__DATA TO EXAMINE__:
== Segment start ==
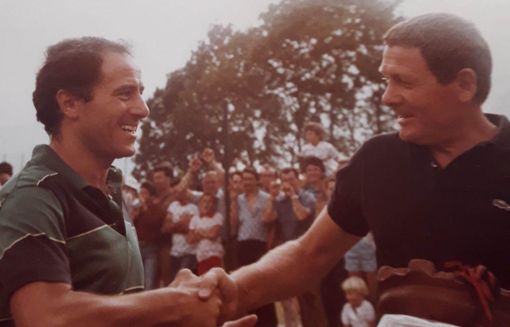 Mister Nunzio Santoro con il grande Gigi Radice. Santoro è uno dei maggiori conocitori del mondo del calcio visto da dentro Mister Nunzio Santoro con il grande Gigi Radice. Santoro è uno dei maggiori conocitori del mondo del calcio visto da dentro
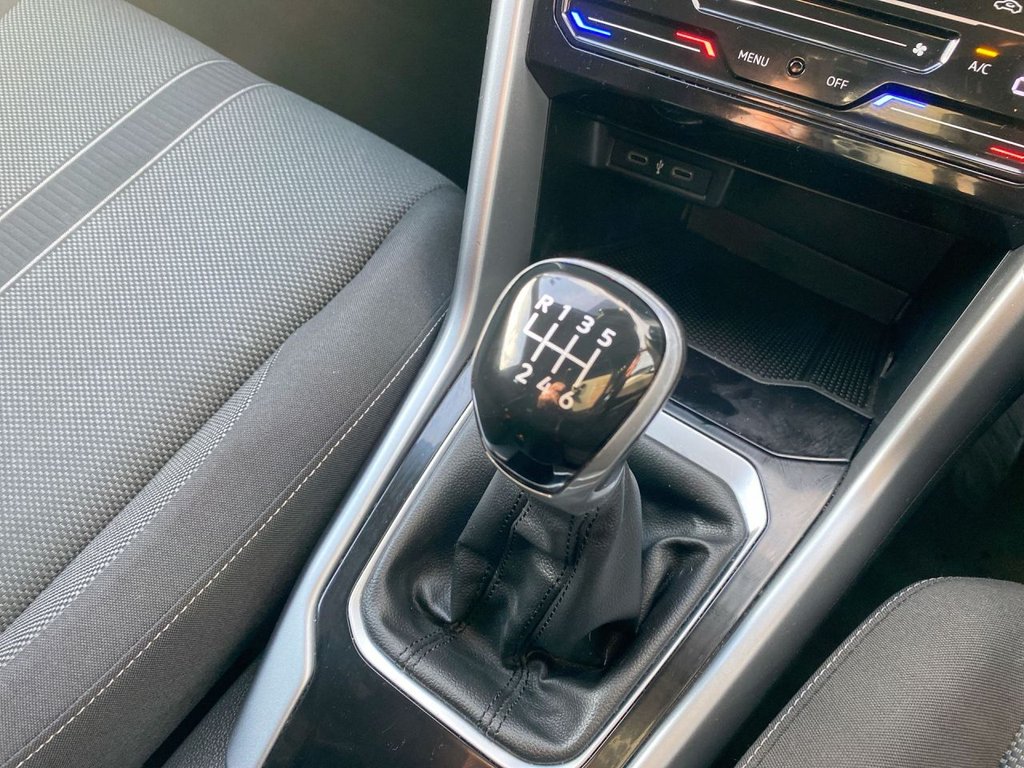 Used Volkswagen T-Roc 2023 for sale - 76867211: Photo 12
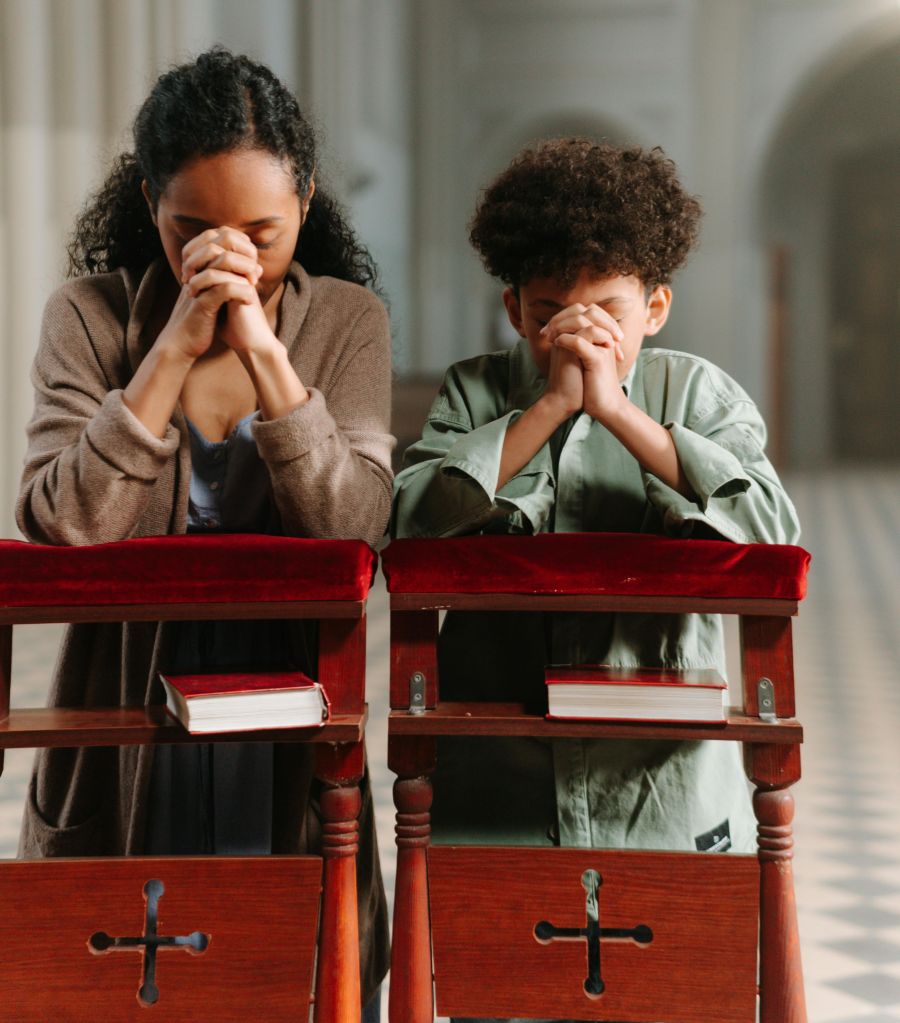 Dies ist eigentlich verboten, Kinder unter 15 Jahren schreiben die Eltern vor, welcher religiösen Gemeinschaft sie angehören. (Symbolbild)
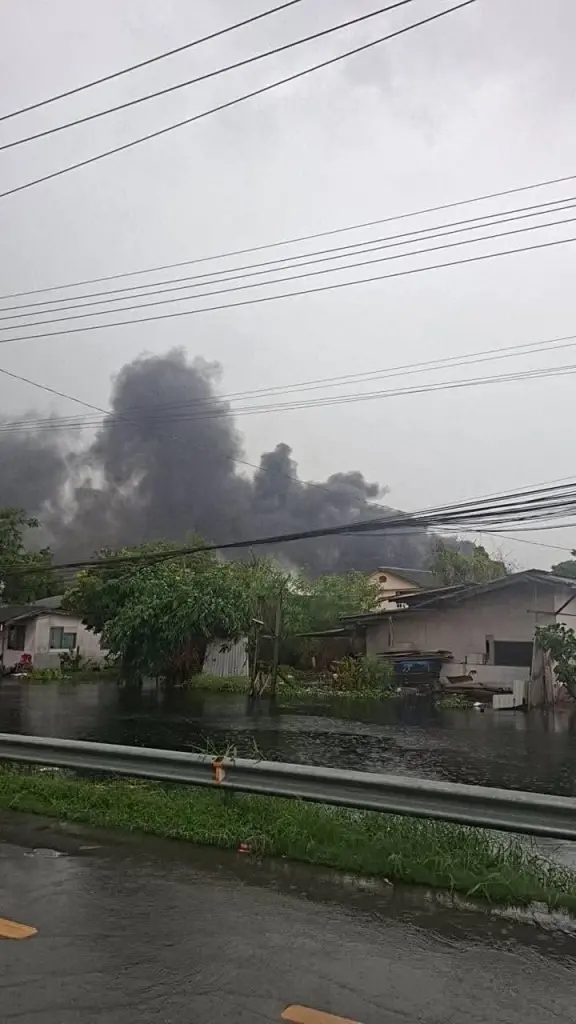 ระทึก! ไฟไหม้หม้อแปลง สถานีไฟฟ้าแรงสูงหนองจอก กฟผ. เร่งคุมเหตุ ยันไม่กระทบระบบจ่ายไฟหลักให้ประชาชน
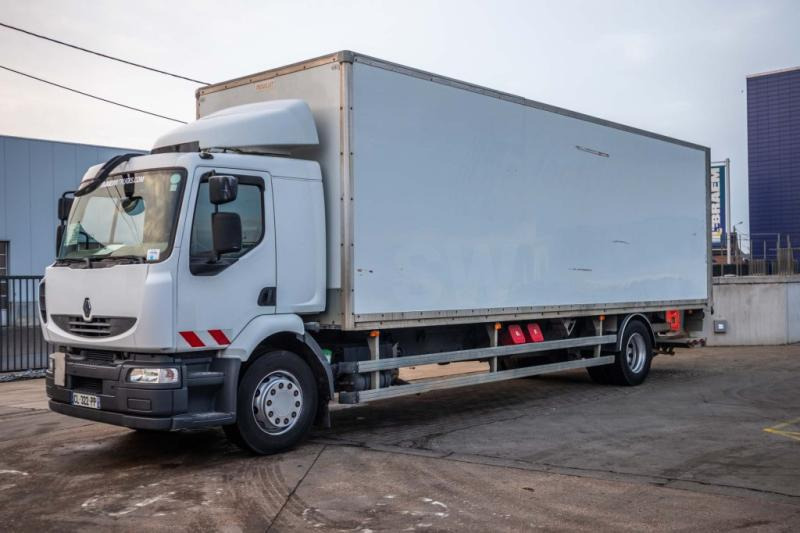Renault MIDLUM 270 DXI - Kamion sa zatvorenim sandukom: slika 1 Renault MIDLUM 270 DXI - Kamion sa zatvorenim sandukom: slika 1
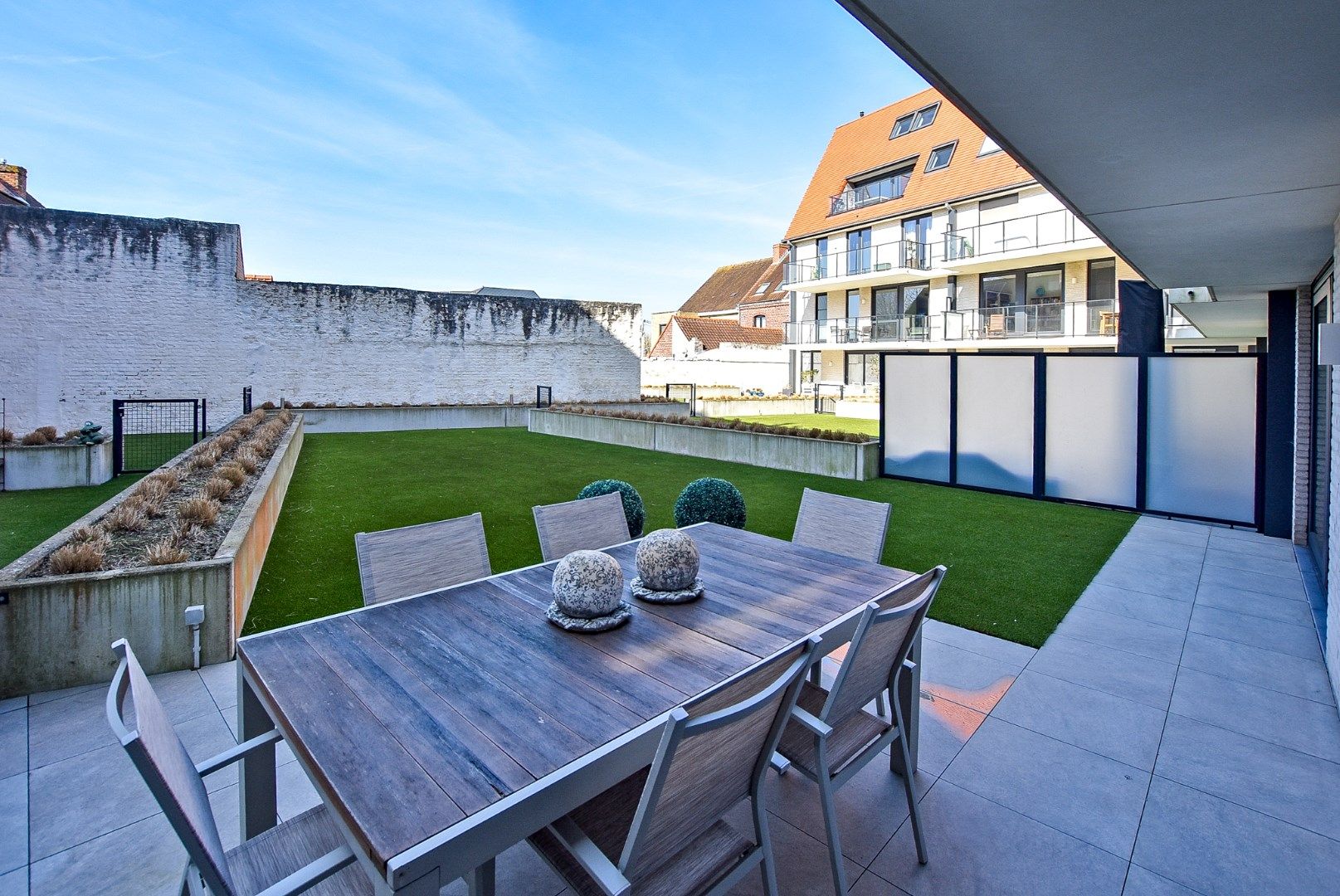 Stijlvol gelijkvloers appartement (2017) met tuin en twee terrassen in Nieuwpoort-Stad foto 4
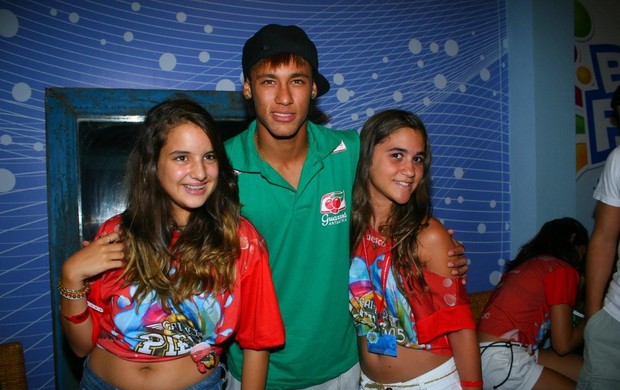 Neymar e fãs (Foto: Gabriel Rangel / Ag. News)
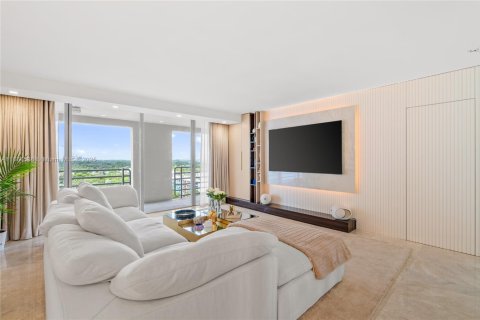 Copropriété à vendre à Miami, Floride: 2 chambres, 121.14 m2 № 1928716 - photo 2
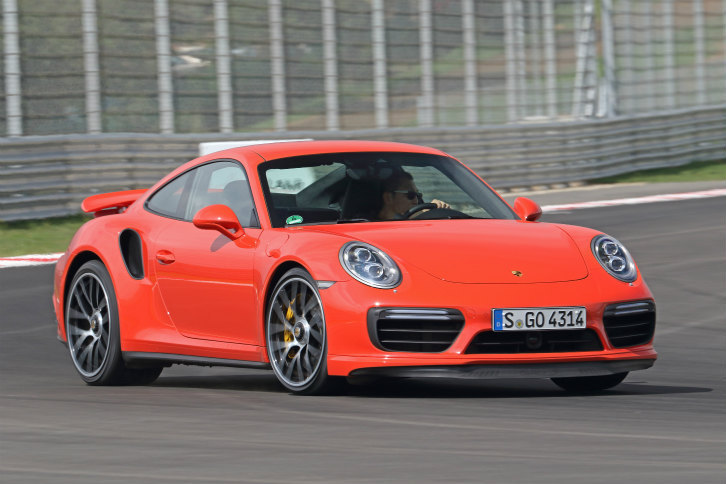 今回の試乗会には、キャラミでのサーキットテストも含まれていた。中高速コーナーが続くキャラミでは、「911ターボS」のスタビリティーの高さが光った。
== Segment end ==
In the data, the line that contains "Dies ist eigentlich" begins the part to write out; restate it and each line after it word for word through the end, with no pictures.

 Dies ist eigentlich verboten, Kinder unter 15 Jahren schreiben die Eltern vor, welcher religiösen Gemeinschaft sie angehören. (Symbolbild)
 ระทึก! ไฟไหม้หม้อแปลง สถานีไฟฟ้าแรงสูงหนองจอก กฟผ. เร่งคุมเหตุ ยันไม่กระทบระบบจ่ายไฟหลักให้ประชาชน
Renault MIDLUM 270 DXI - Kamion sa zatvorenim sandukom: slika 1 Renault MIDLUM 270 DXI - Kamion sa zatvorenim sandukom: slika 1
 Stijlvol gelijkvloers appartement (2017) met tuin en twee terrassen in Nieuwpoort-Stad foto 4
 Neymar e fãs (Foto: Gabriel Rangel / Ag. News)
 Copropriété à vendre à Miami, Floride: 2 chambres, 121.14 m2 № 1928716 - photo 2
 今回の試乗会には、キャラミでのサーキットテストも含まれていた。中高速コーナーが続くキャラミでは、「911ターボS」のスタビリティーの高さが光った。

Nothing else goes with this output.